> _WHAT IS NEEDED_:
Wherever pictures appear in the listing below, leave them out, and copy exactly, and only, everything from the line with "Sonderheft Februar 2023" down to the line with "Baby Gym Toy".
INFORMATION SUPPLIED Start Marker
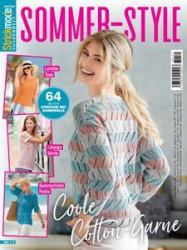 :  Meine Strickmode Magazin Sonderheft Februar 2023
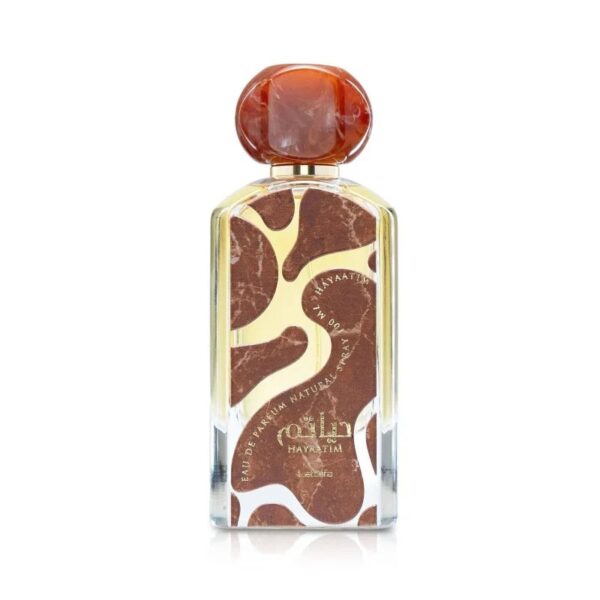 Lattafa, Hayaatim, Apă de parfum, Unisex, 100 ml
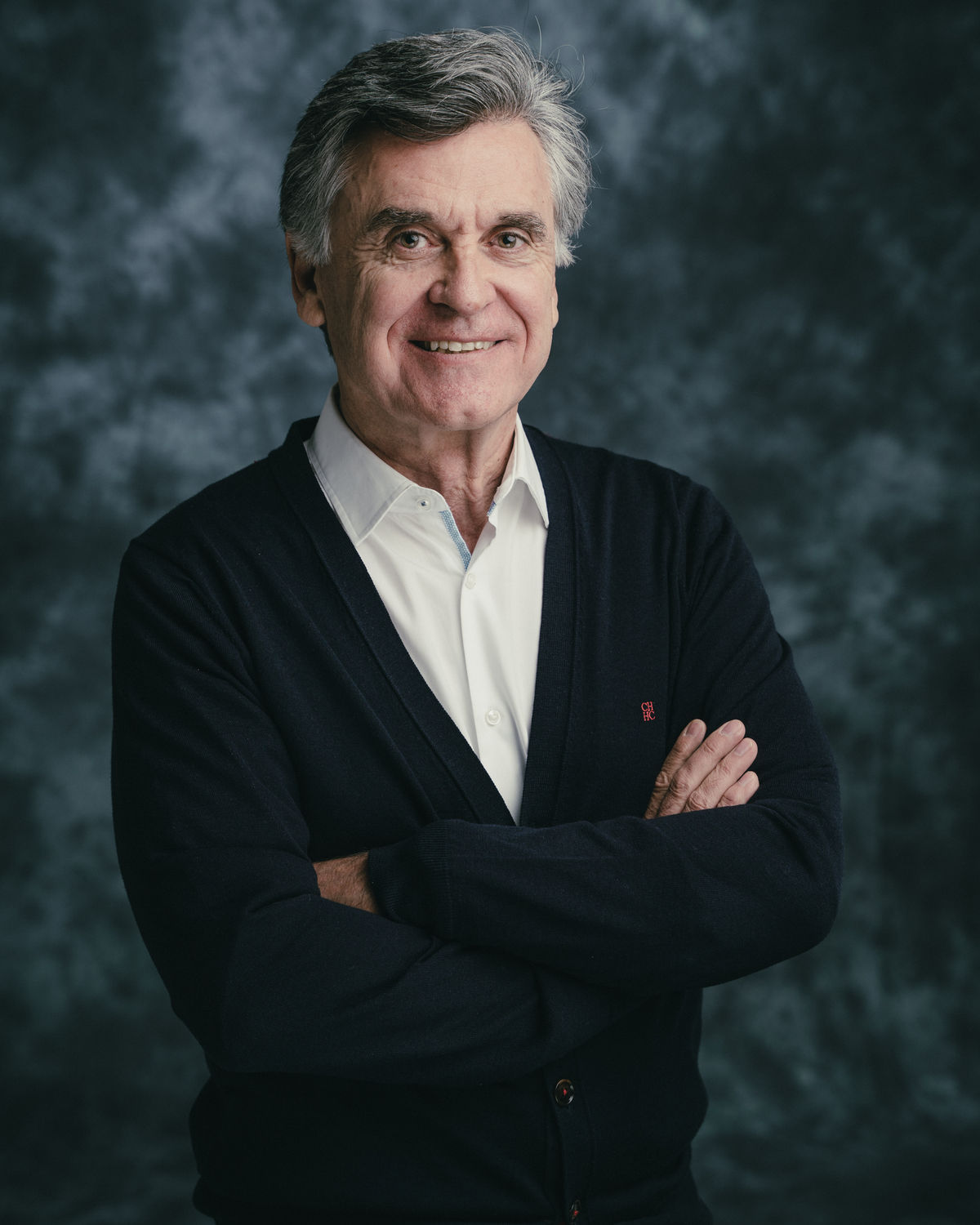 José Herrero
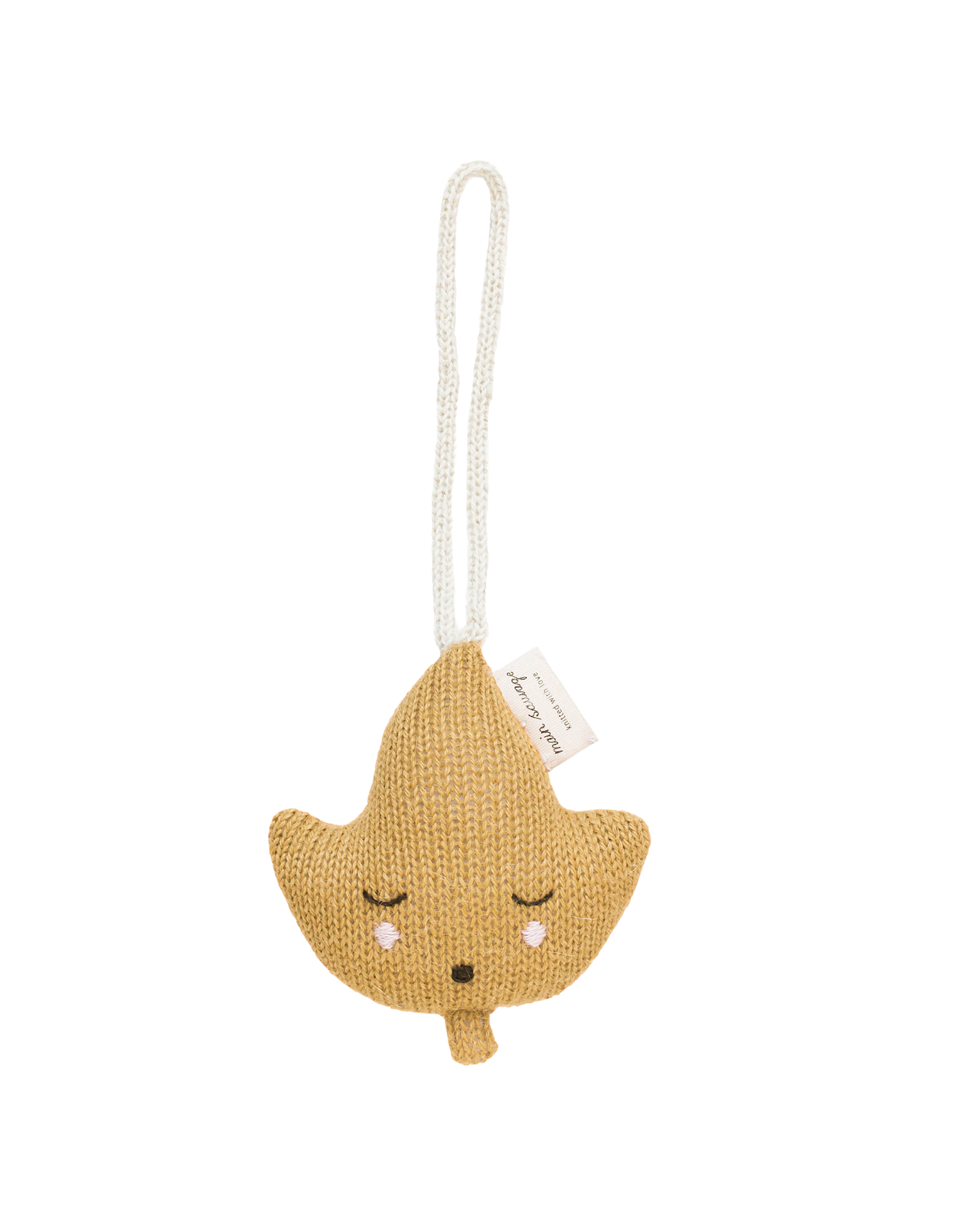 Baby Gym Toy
INFORMATION SUPPLIED End Marker
INFORMATION SUPPLIED Start Marker
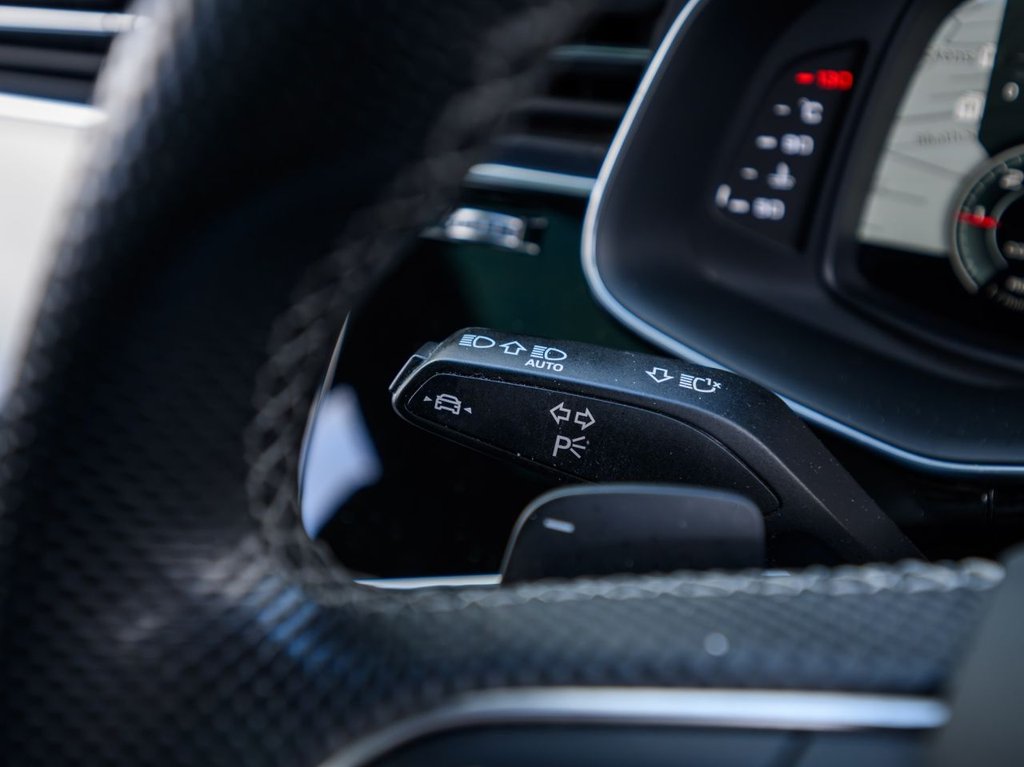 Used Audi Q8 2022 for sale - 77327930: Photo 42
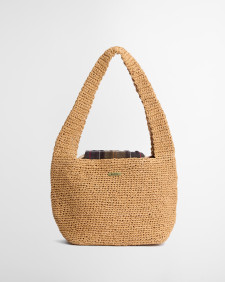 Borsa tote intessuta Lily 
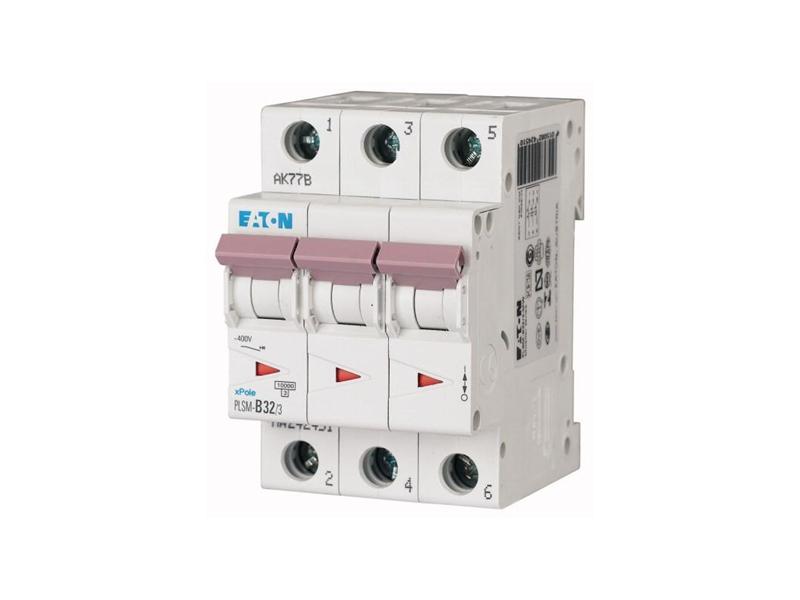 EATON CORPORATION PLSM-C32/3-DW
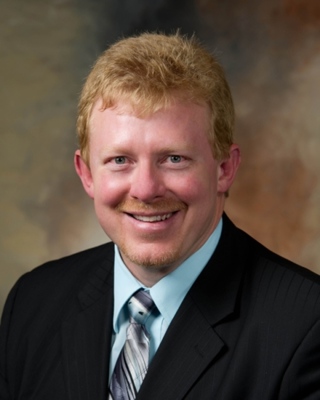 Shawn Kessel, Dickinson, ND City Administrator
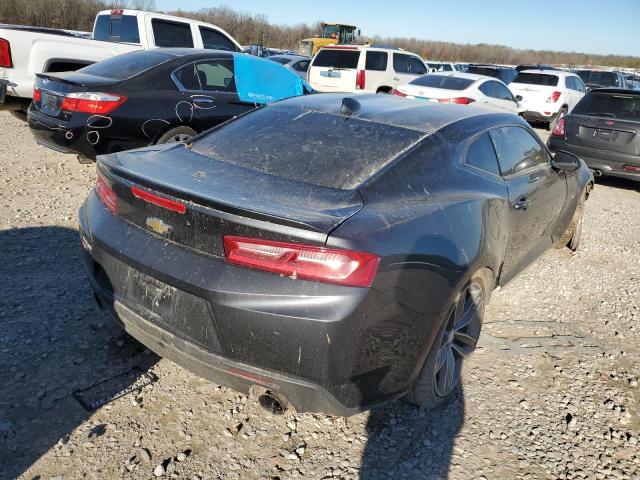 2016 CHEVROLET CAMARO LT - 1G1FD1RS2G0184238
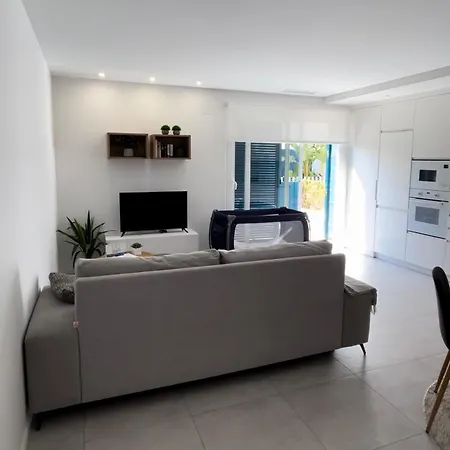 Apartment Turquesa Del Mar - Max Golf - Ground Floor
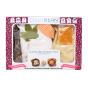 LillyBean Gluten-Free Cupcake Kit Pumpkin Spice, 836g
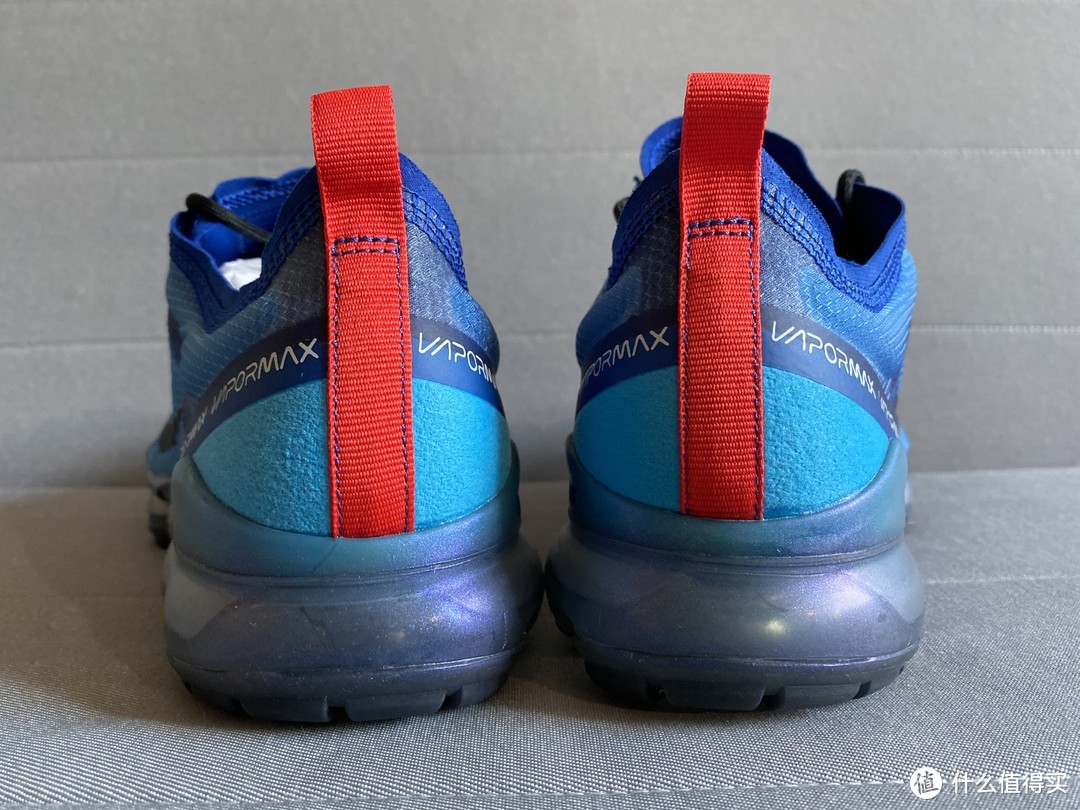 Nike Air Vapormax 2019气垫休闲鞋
INFORMATION SUPPLIED End Marker
> _OUTPUT OF THE EXERCISE_:
 :  Meine Strickmode Magazin Sonderheft Februar 2023
 Lattafa, Hayaatim, Apă de parfum, Unisex, 100 ml
 José Herrero
 Baby Gym Toy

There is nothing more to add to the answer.